Task to complete: Please return the records below exactly as they stand, with the pictures removed.

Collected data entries
——————

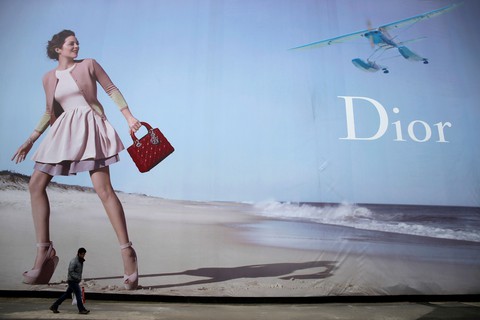 Sợ mất thị trường, Dior phải xin lỗi Trung Quốc vì quên tỉnh Đài Loan - Ảnh 1. Sợ mất thị trường, Dior phải xin lỗi Trung Quốc vì quên tỉnh Đài Loan - Ảnh 1.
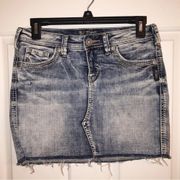 Silver Jeans Francy Mini Raw Hem Denim Skirt Women’s Size 25 Blue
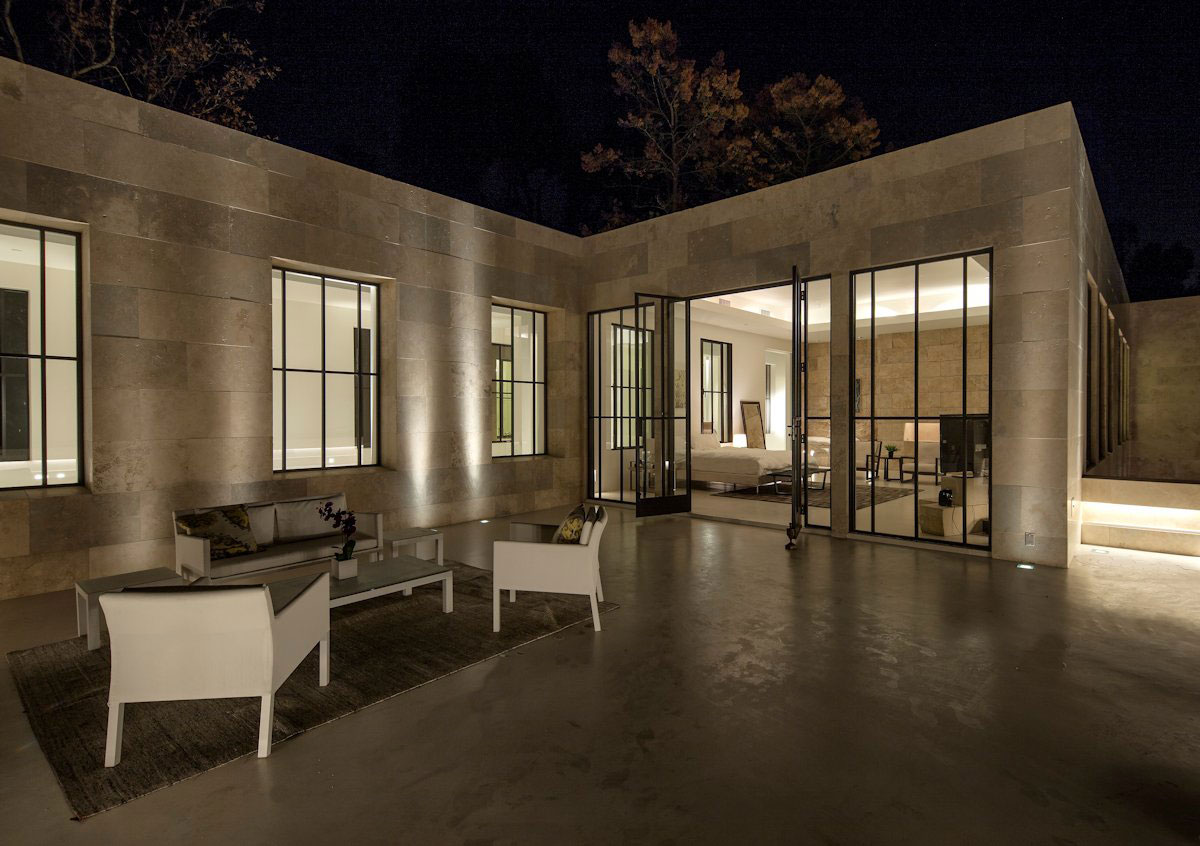 A Luxury Mansion In Bel Air As Sample Of Luxury Interior Design With Living Style
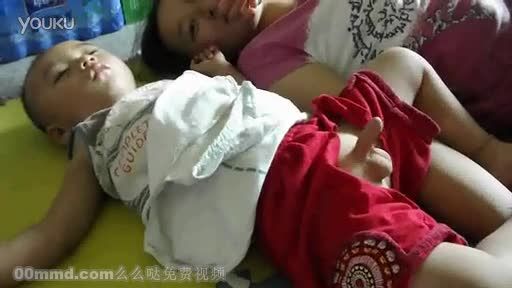 稚嫩小男孩三岁就能把小鸡鸡勃起被骚母狗小姨猥亵乱伦视频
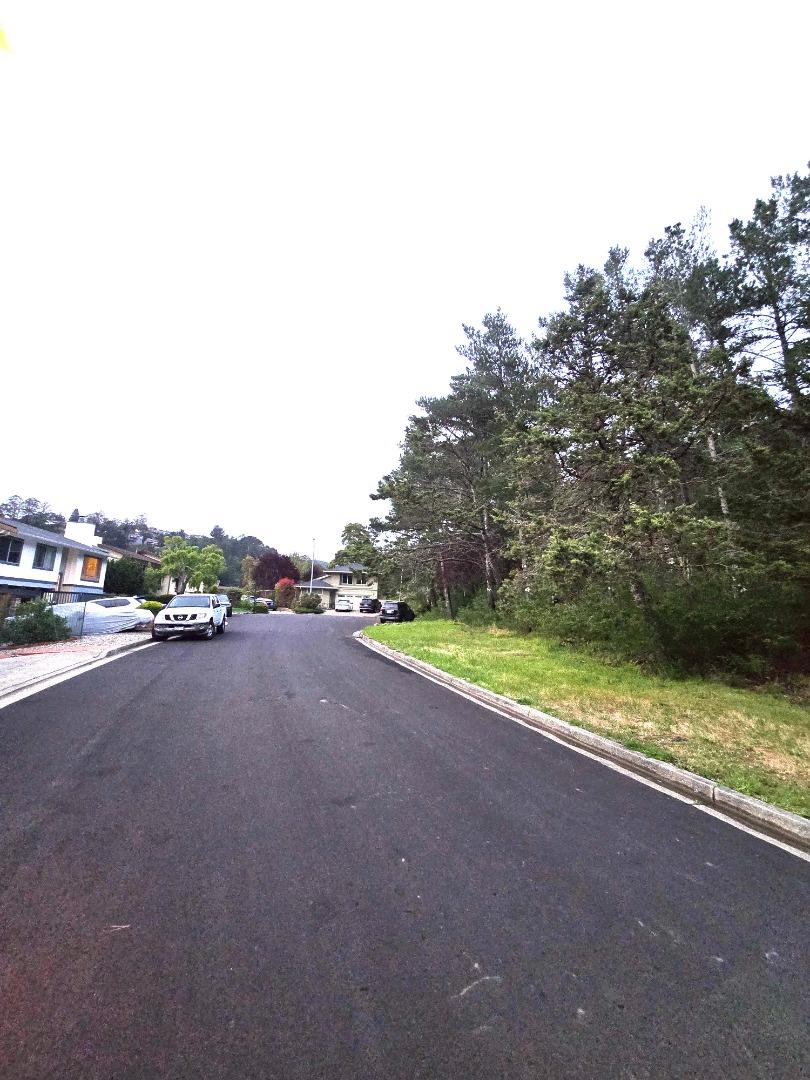 Detail Gallery Image 6 of 6 For 20 Barton Pl, Pacifica,  CA 94044 - – Beds | – Baths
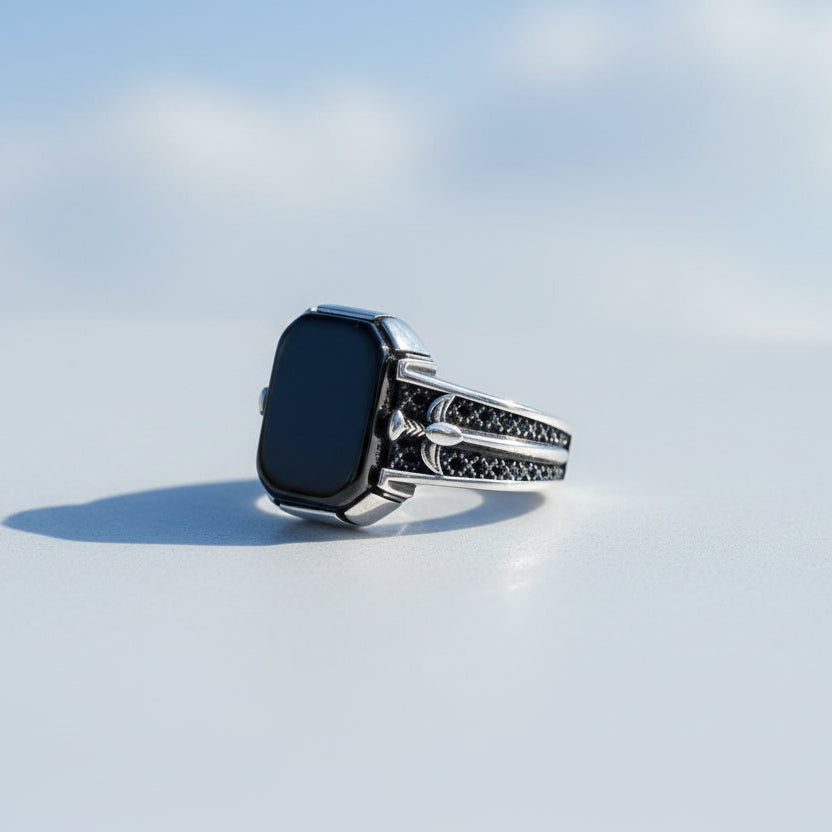 Silberring mit Onyxstein und Schwertdetail
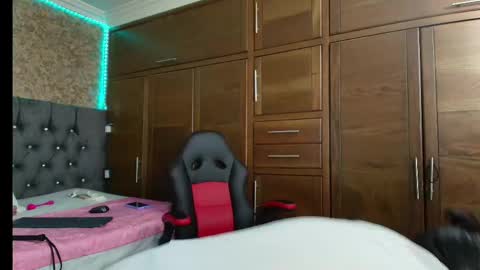 Snapshot of missbrenda_ chatting on October 9, 2025, 4:21 am Brenda online show from October 9, 2025, 4:21 am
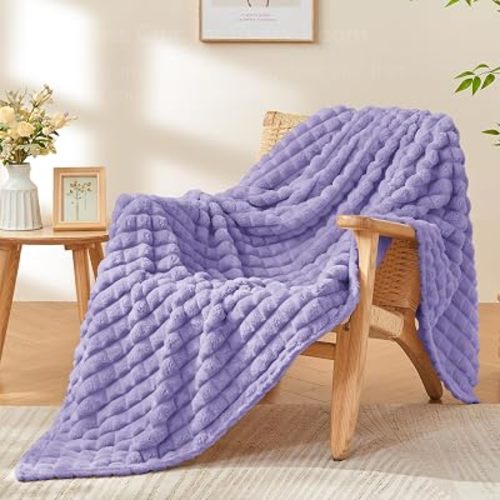BEDELITE Lavender Throw Blanket for Couch - Super Soft 3D Checkered Fluffy Fuzzy Cute Fleece Blanket, Luxurious Plush Purple Cozy Blankets for Home Room Decor, Gift for Women, 50x60 inches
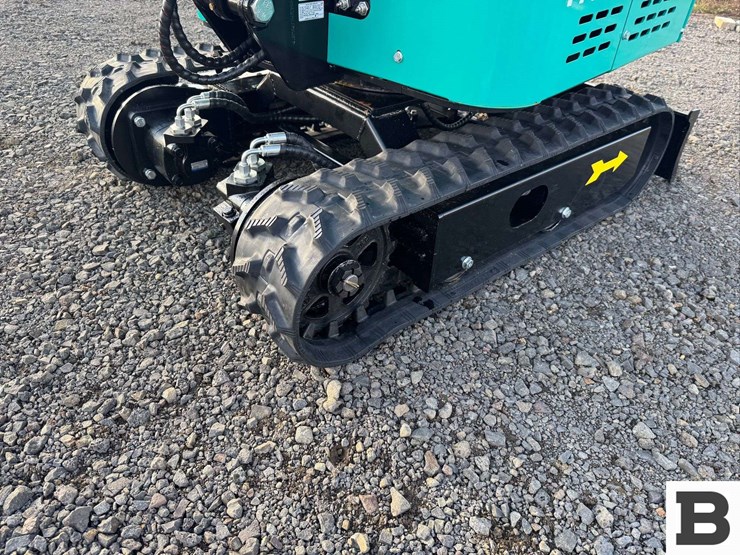 2025-cfg-industrial-h15r-mini-excavator-image-16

——————

The answer:
 Sợ mất thị trường, Dior phải xin lỗi Trung Quốc vì quên tỉnh Đài Loan - Ảnh 1. Sợ mất thị trường, Dior phải xin lỗi Trung Quốc vì quên tỉnh Đài Loan - Ảnh 1.
 Silver Jeans Francy Mini Raw Hem Denim Skirt Women’s Size 25 Blue
 A Luxury Mansion In Bel Air As Sample Of Luxury Interior Design With Living Style
 稚嫩小男孩三岁就能把小鸡鸡勃起被骚母狗小姨猥亵乱伦视频
 Detail Gallery Image 6 of 6 For 20 Barton Pl, Pacifica,  CA 94044 - – Beds | – Baths
 Silberring mit Onyxstein und Schwertdetail
 Snapshot of missbrenda_ chatting on October 9, 2025, 4:21 am Brenda online show from October 9, 2025, 4:21 am
BEDELITE Lavender Throw Blanket for Couch - Super Soft 3D Checkered Fluffy Fuzzy Cute Fleece Blanket, Luxurious Plush Purple Cozy Blankets for Home Room Decor, Gift for Women, 50x60 inches
 2025-cfg-industrial-h15r-mini-excavator-image-16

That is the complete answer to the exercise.